Health and Education
by Jacob Demé
While health education falls within a diverse spectrum of public services to improve a community, its full potential for positive change has been lost in the tumultuous political struggle that permeates a developed society. For many government agencies, determining the efficient allocation of funds to public programs, their decision-making process boils down to a concentrated pool of factors. The most prominent of these factors is need of service in a given population as well as potential for monetary gain. Therefore, I contend that focus on these two determinants of funding for public health and community development programs contributes to the integral pitfalls that hinder their progress.

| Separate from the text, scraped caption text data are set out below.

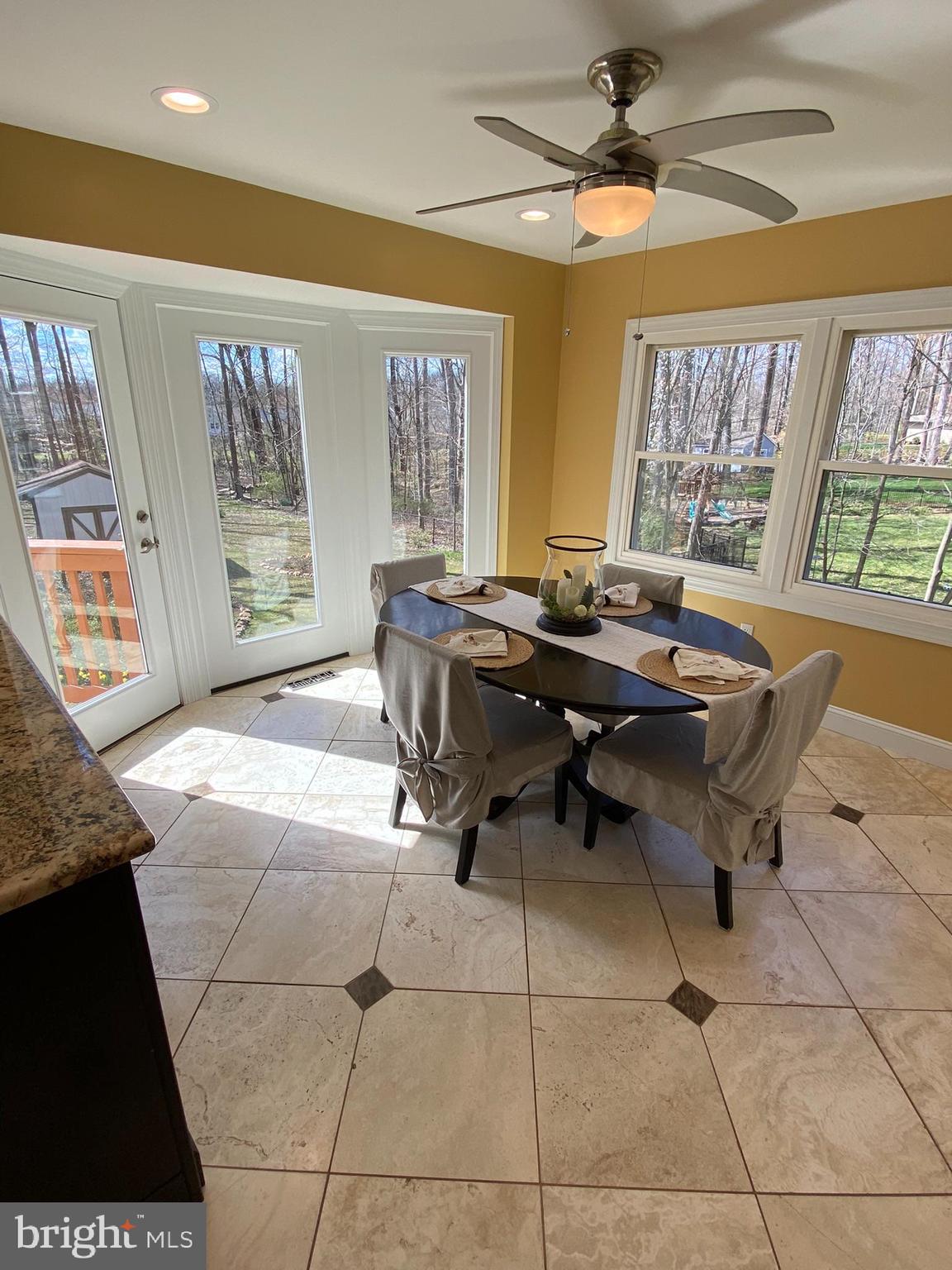 HOMEWOOD - Residential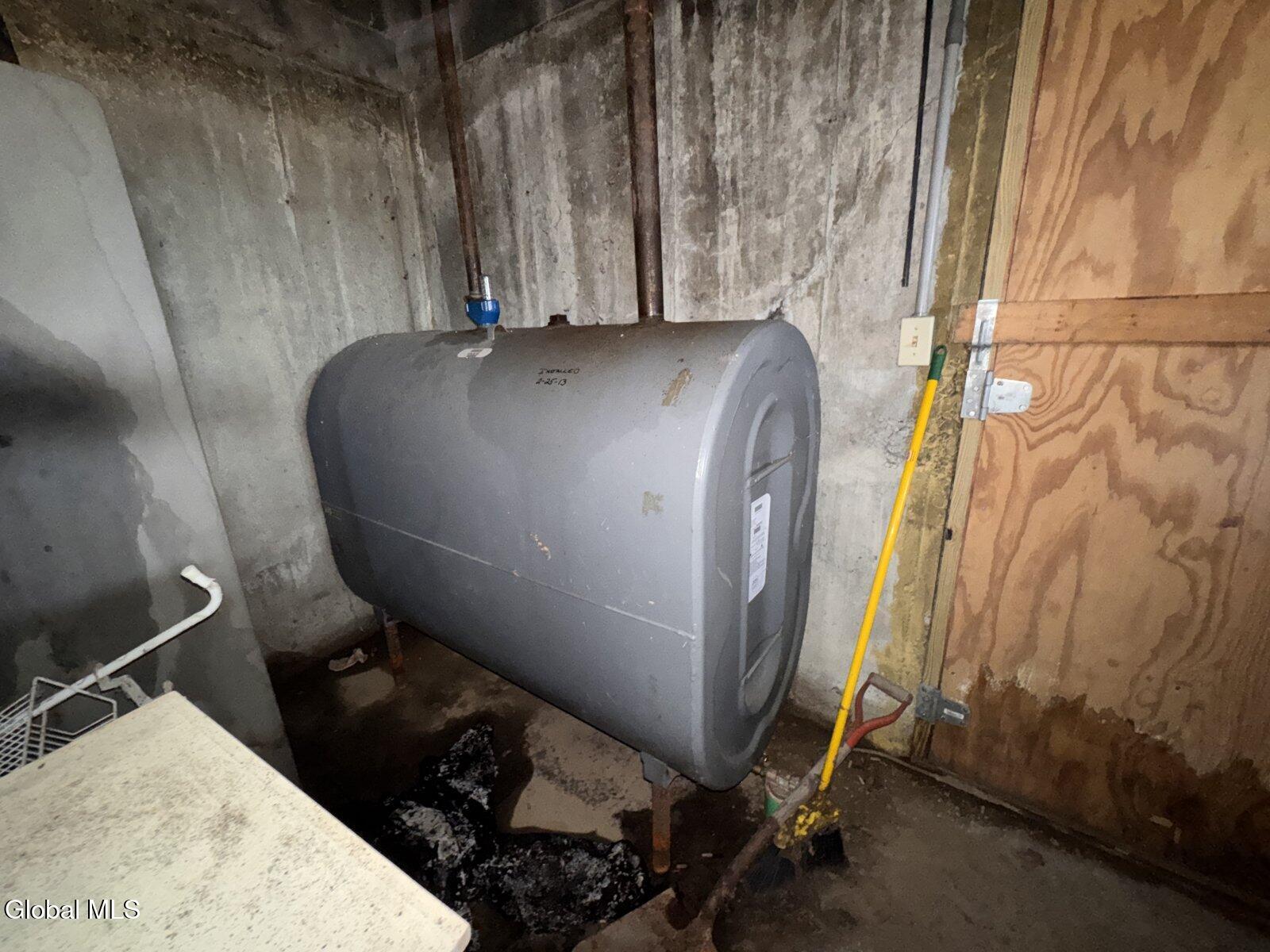 902 Blodgett Hill Road Coeymans, NY 12143 - Photo 25 of 29 Photo Oct 02 2025, 2 52 13 PM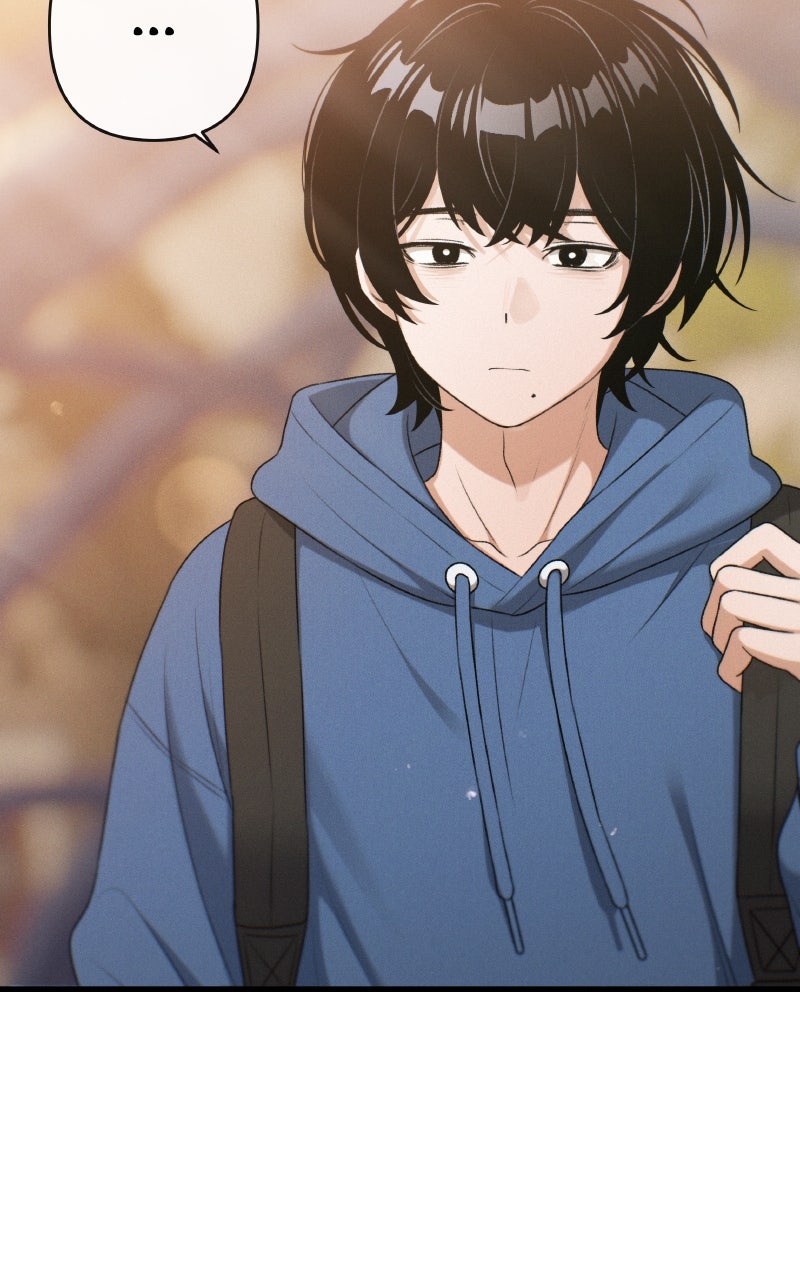 Read Ctrl+Alt+Resign Manga Online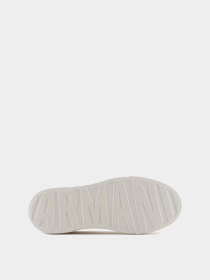 Кроссовки Armani Exchange модель XDX178-XV929-U604 Фото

By utilizing an as-needed basis for health education funding, the door is opened to a host of problematic consequences affecting the sustainability of these projects and the results they provide. Many grants for health education programs run on a rolling application process, in which approval is required for renewal following the end of a determined time interval. Requiring continuous support presents a paradoxical state that jeopardizes the continued funding of successful programs. Furthermore, as the successful programs accomplish positive change in their target community, statistical representation of their need for consistent funding decreases, making them less likely to receive adequate financial support. Conditional and intermittent funding for health education is an issue that permeates health programs globally, and places health care practices at risk of devoting greater attention and resources toward a treatment-minded approach. The danger lies not in the development and implementation of treatment options for any given health issue. Instead, with greater focus on treatment, preventative methods will remain less developed, defeating hopes for progression in health care in the generations to come. At the core of this serious public health issue lies the ever-present motivation of profit maximization.
When asked about the attitude toward preventative medicine, Candice Jensen, program coordinator for the Placer County HIV/AIDS Testing and Surveillance Program, responded, “Cost speaks volumes to tax payers and policy makers and whether return on investment is the most compassionate reason or not, it can’t be denied that preventative care and other strategies that contribute positively to overall health and wellness may be less expensive than chronic medical treatment and hospitalization.” This type of profit-driven behavior is clearly exemplified in the pharmaceutical industry, the greatest source of support for treatment-based health care. While Jensen also expressed a positive outlook for a shift towards preventative medicine, this brighter future cannot be achieved without greater awareness of these problematic issues and support for their resolution.